* WHAT YOU ARE ASKED TO DO: Transcribe every entry exactly; the images stay out.

* DATA SHOWN:
---
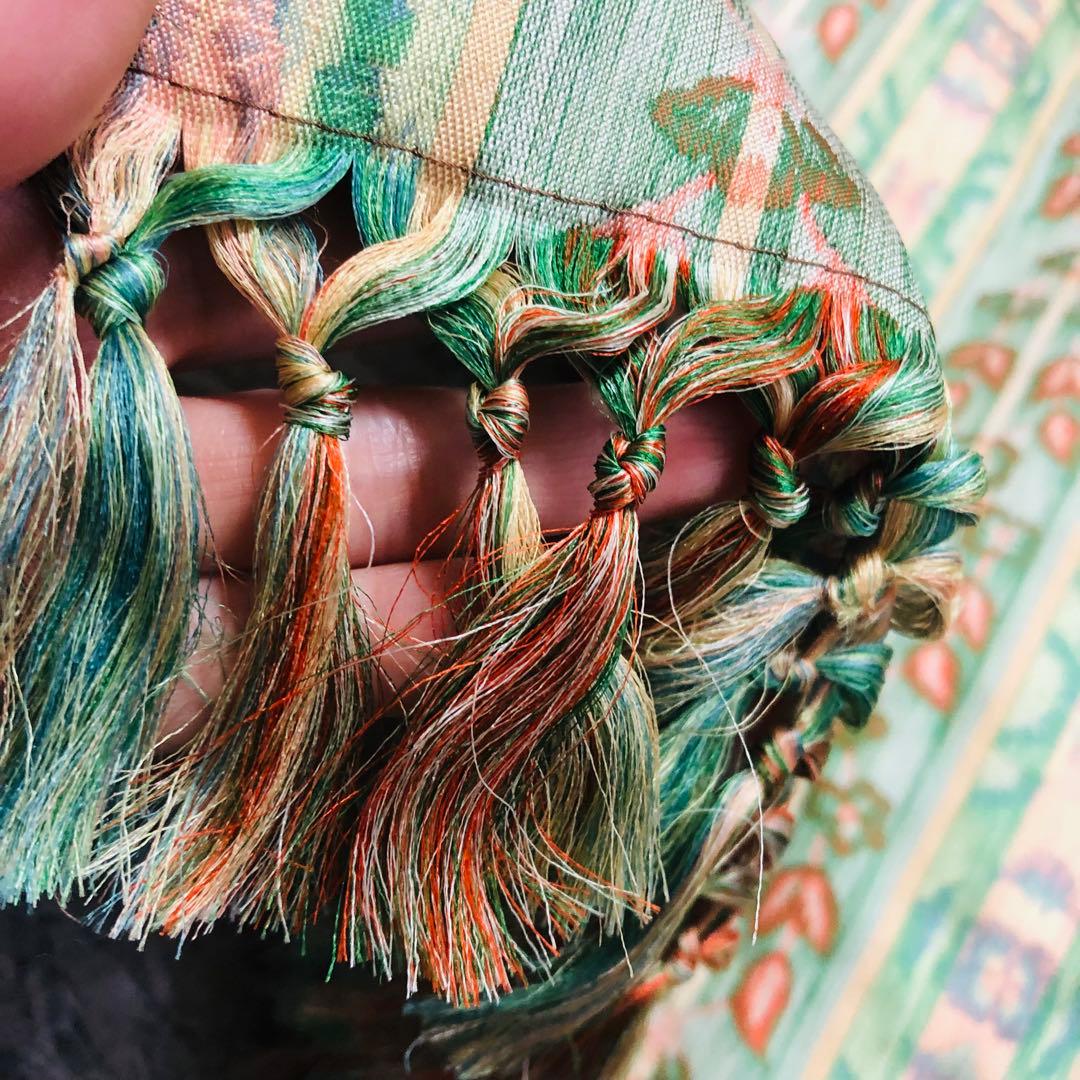 9 龍村　天平繍華文錦　54×130 テーブルセンター　織物　花柄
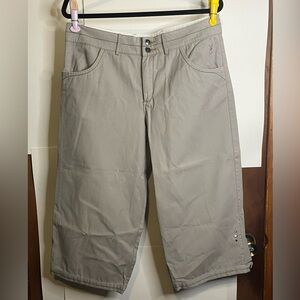 Ibex Women’s Size 12 (Waist 34) Khaki Organic Cotton Capris Pants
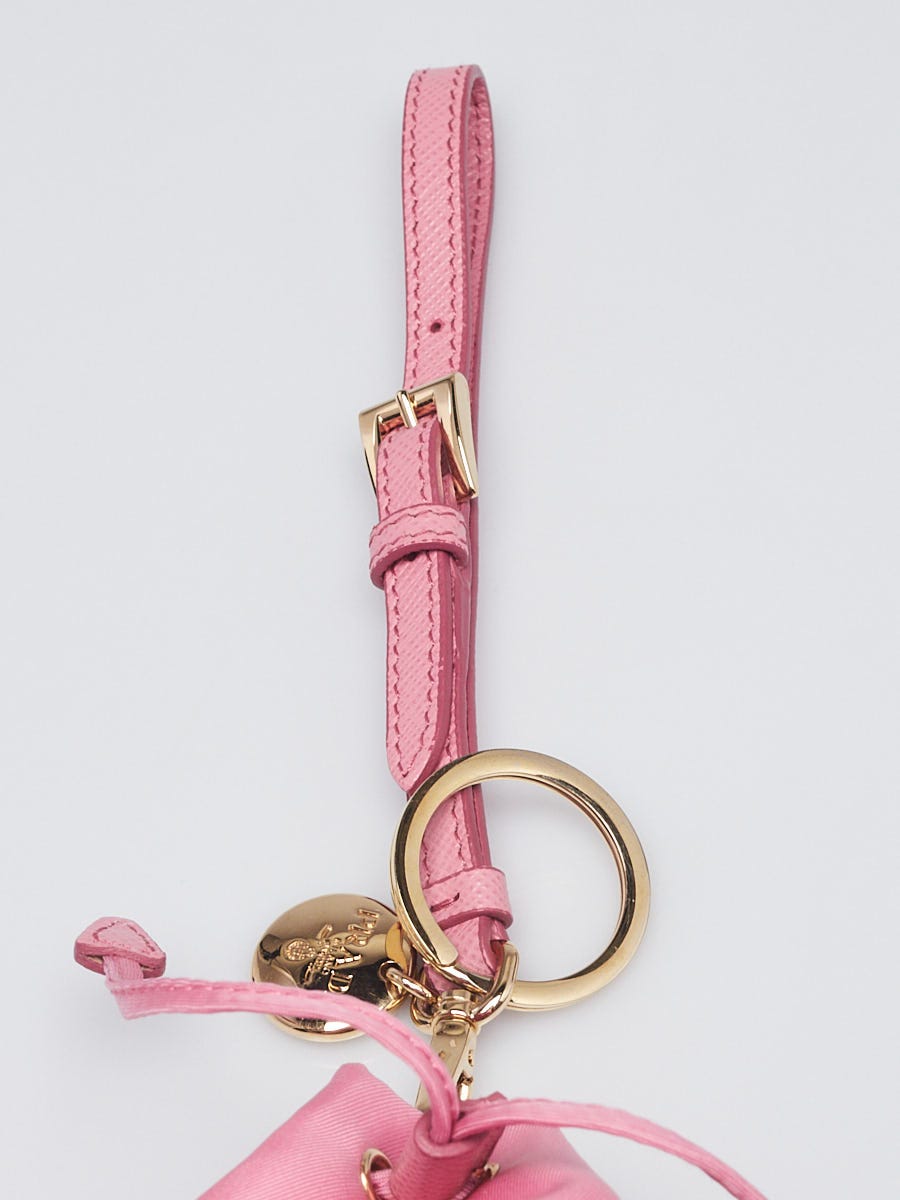Prada Peony Pink Tessuto Re-Nylon and Saffiano Leather Mini Icon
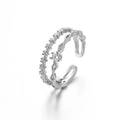 Double-layer silver ring with sparkling star zircon stones and beaded texture band - Rhombic Flower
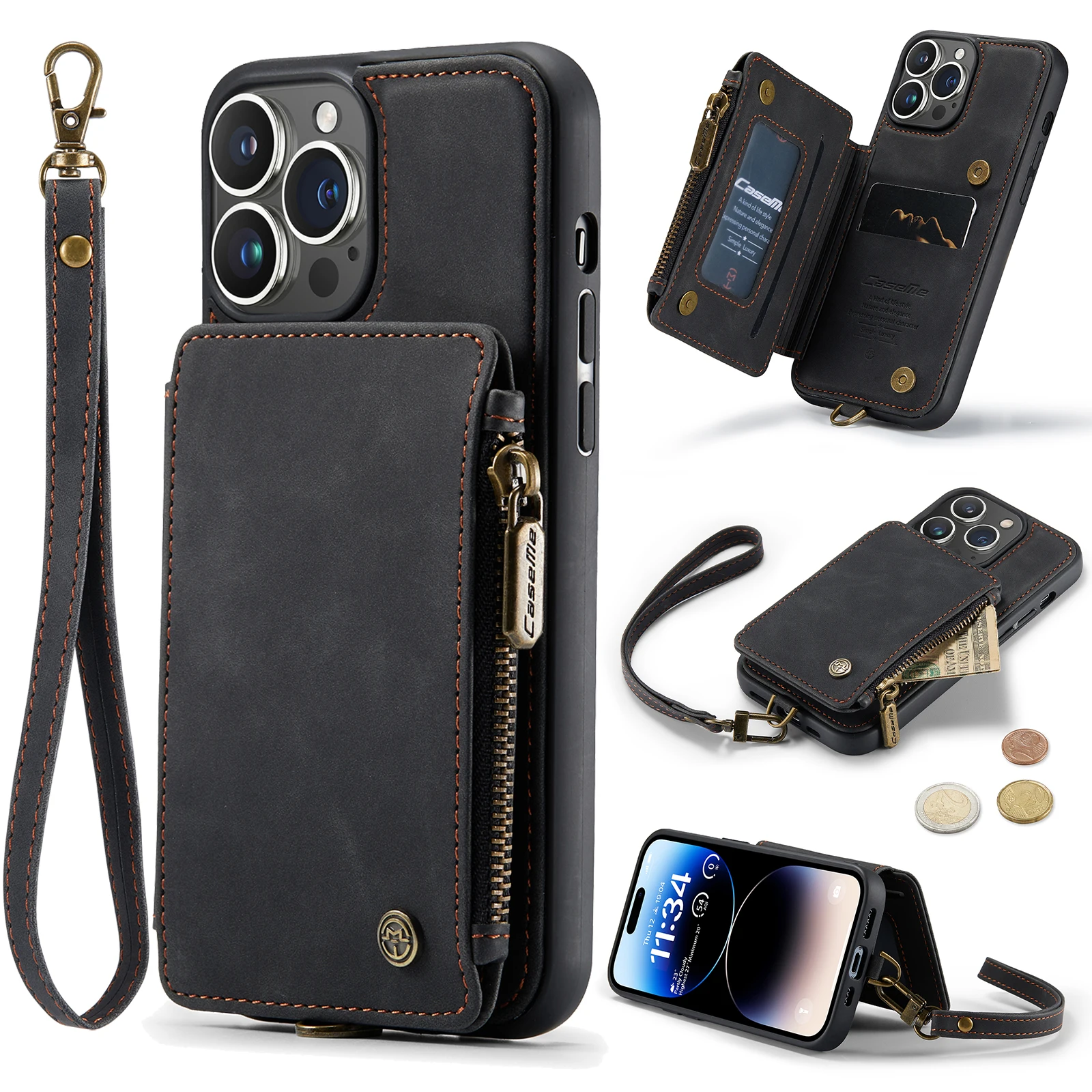 

Leather Card Slot Holder For Apple iPhone 14 13 12 11 Pro Max X XR SE 2022 Xs Max 7 8 Plus Case Cover Fundas for iPhone 14 Pro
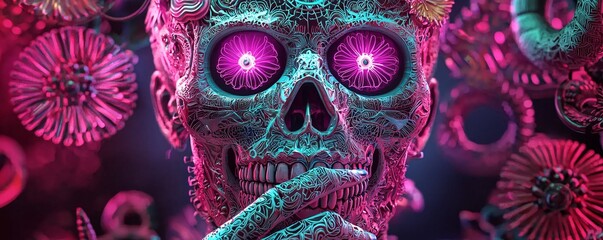 Poster - luminous sugar skull with neon floral patterns, glowing pink and blue, intricate details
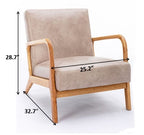 Classic Mid-Century Accent Chair with Open Wood Frame & Plush Cushioning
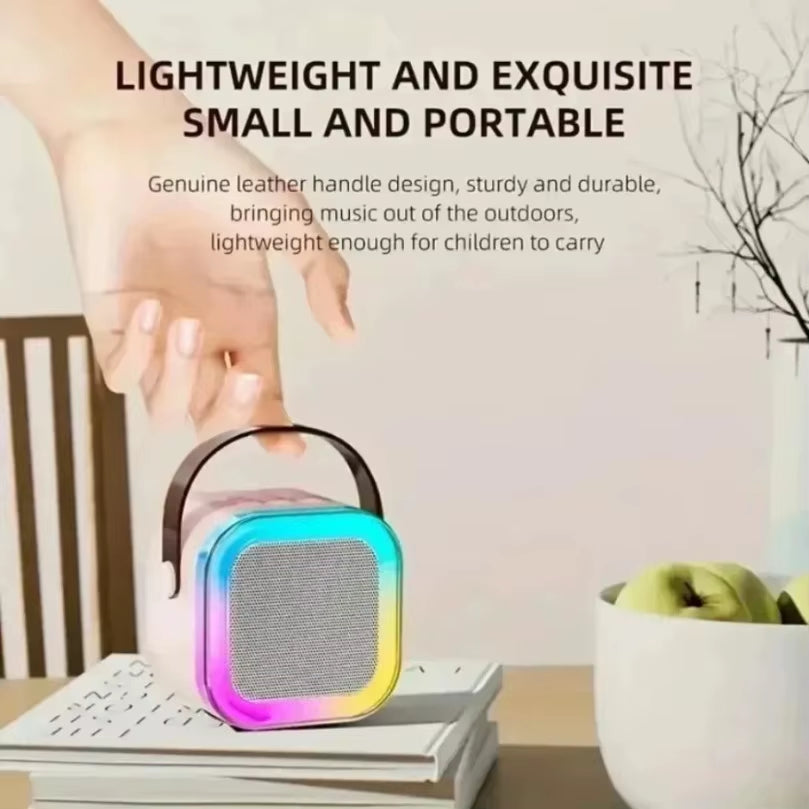 Portable Bluetooth 5.3 Speaker Karaoke Machine PA System with 2 Wireless Microphones Home Family Singing Children'S Gifts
---
* REPLY TO THE TASK:
 9 龍村　天平繍華文錦　54×130 テーブルセンター　織物　花柄
 Ibex Women’s Size 12 (Waist 34) Khaki Organic Cotton Capris Pants
Prada Peony Pink Tessuto Re-Nylon and Saffiano Leather Mini Icon
 Double-layer silver ring with sparkling star zircon stones and beaded texture band - Rhombic Flower

Leather Card Slot Holder For Apple iPhone 14 13 12 11 Pro Max X XR SE 2022 Xs Max 7 8 Plus Case Cover Fundas for iPhone 14 Pro
 Poster - luminous sugar skull with neon floral patterns, glowing pink and blue, intricate details
 Classic Mid-Century Accent Chair with Open Wood Frame & Plush Cushioning
 Portable Bluetooth 5.3 Speaker Karaoke Machine PA System with 2 Wireless Microphones Home Family Singing Children'S Gifts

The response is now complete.